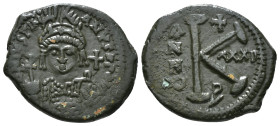 JUSTINIAN I (527-565). Half Follis.
Obv: D N IVSTINIANVS P P AVG.
Helmeted and cuirrased facing bust, holding globus cruciger and shield with horseman...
_ _ _ _ _
◆ WHAT THE EXERCISE ASKS
What you return should be all of the material above, exactly, and none of its pictures.

◆ OUTPUT BELOW
 JUSTINIAN I (527-565). Half Follis.
Obv: D N IVSTINIANVS P P AVG.
Helmeted and cuirrased facing bust, holding globus cruciger and shield with horseman...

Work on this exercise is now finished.